#### Try it:
In this exercise, the entries below include pictures. Repeat exactly the lines from the line with "Apartmani Mina Neum Exteriör bild" to the line with "15 ponturi care", including both, but without the pictures.

#### Material for this exercise:
============

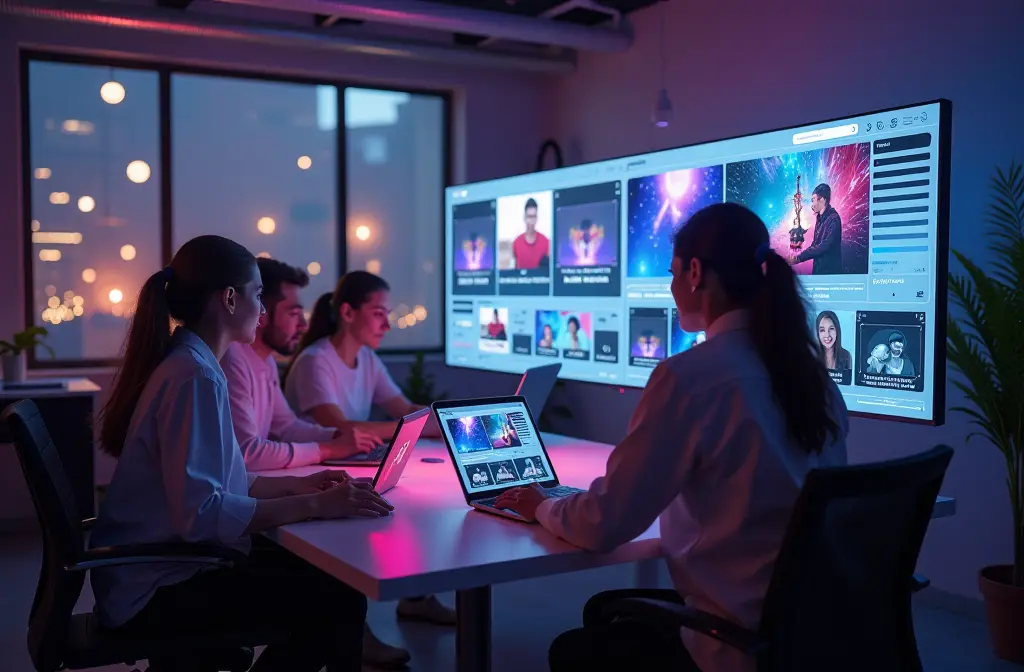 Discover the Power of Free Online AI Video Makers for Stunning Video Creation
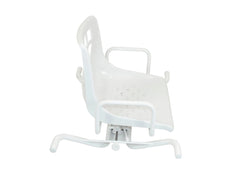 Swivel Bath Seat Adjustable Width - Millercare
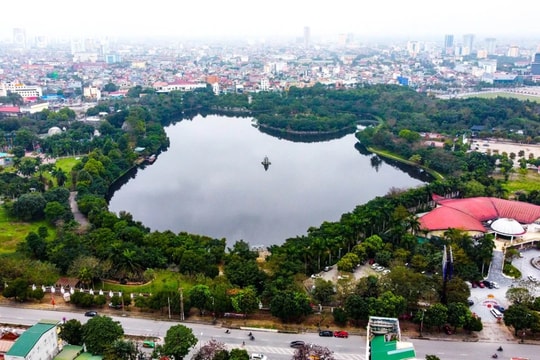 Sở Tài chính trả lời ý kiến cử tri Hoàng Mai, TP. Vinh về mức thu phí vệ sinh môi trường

============

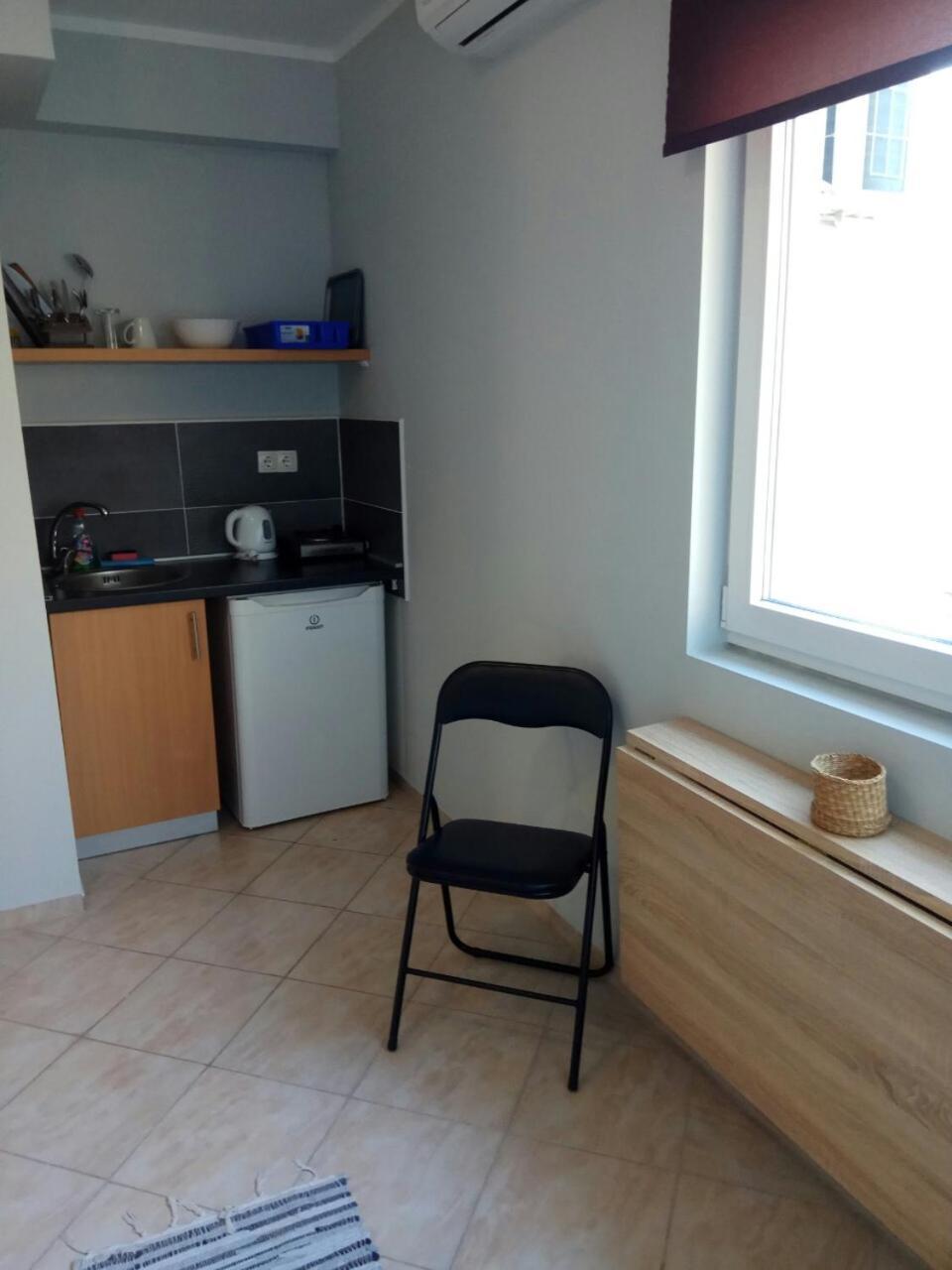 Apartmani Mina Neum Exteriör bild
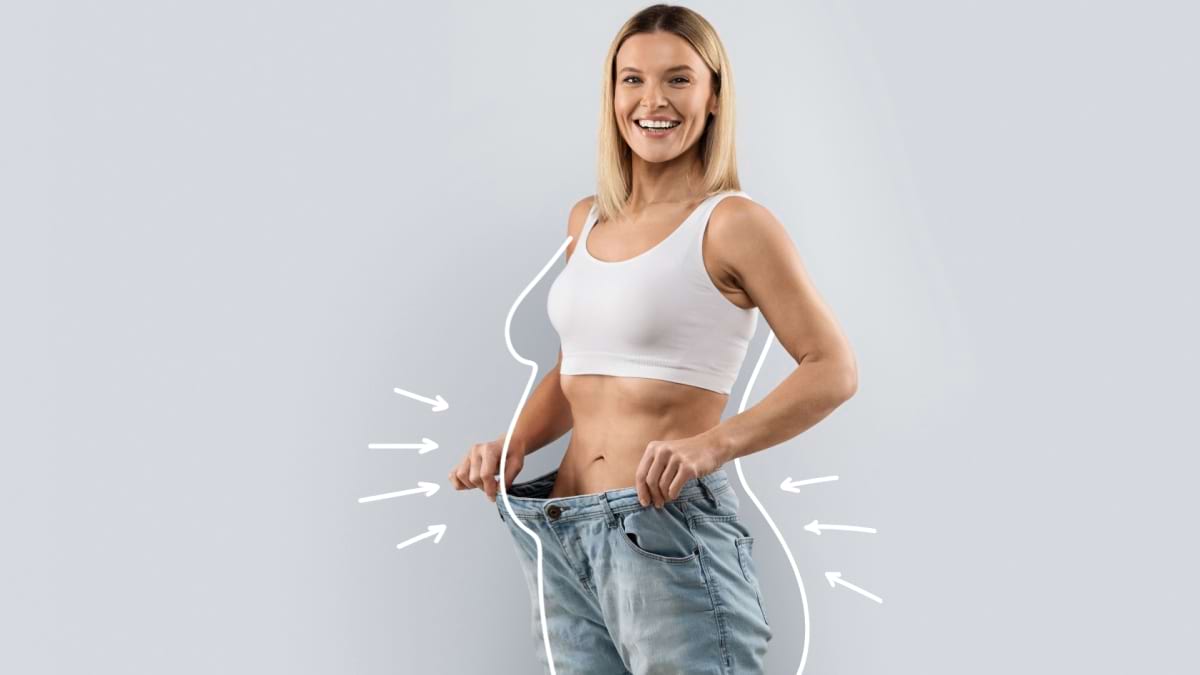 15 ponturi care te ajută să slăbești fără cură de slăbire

============

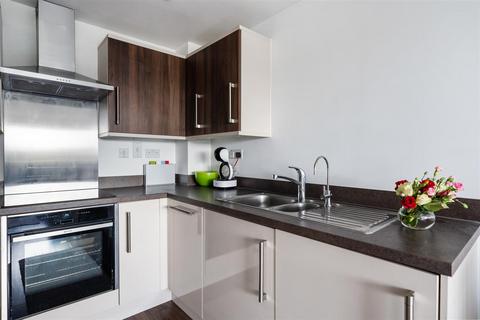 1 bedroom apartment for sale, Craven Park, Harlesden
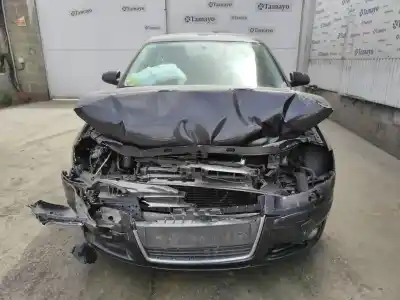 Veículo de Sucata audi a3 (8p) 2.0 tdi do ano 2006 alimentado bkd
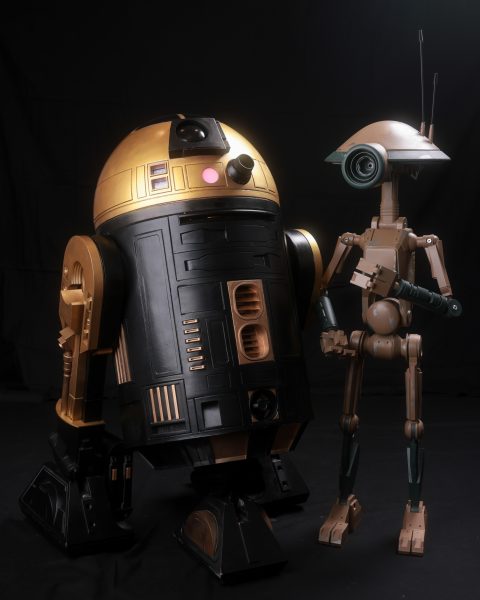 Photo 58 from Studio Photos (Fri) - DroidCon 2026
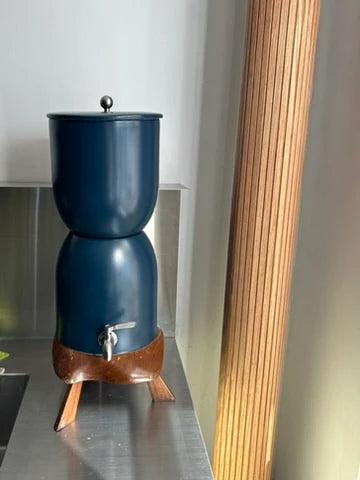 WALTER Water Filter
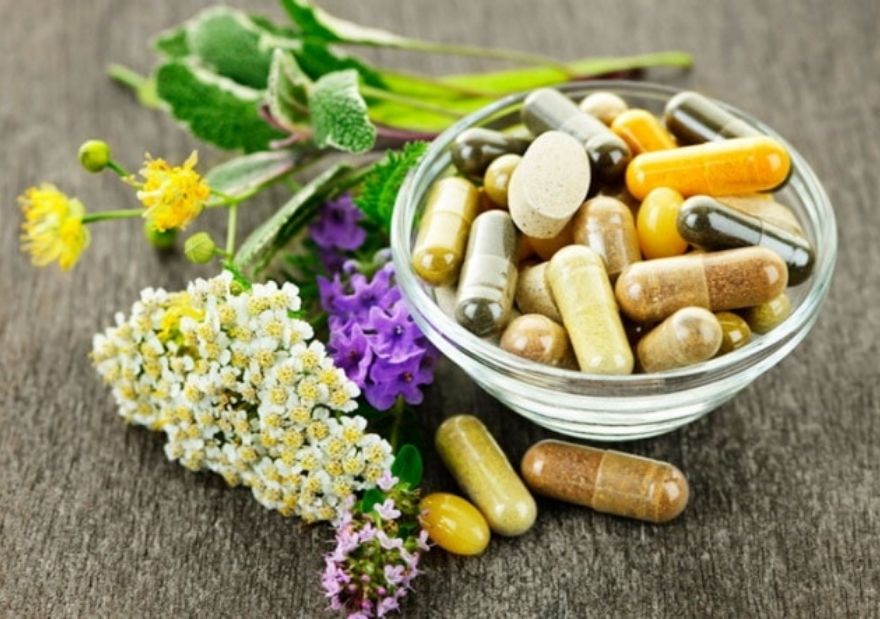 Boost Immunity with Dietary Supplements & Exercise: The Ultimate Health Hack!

============

#### Exercise output:
 Apartmani Mina Neum Exteriör bild
 15 ponturi care te ajută să slăbești fără cură de slăbire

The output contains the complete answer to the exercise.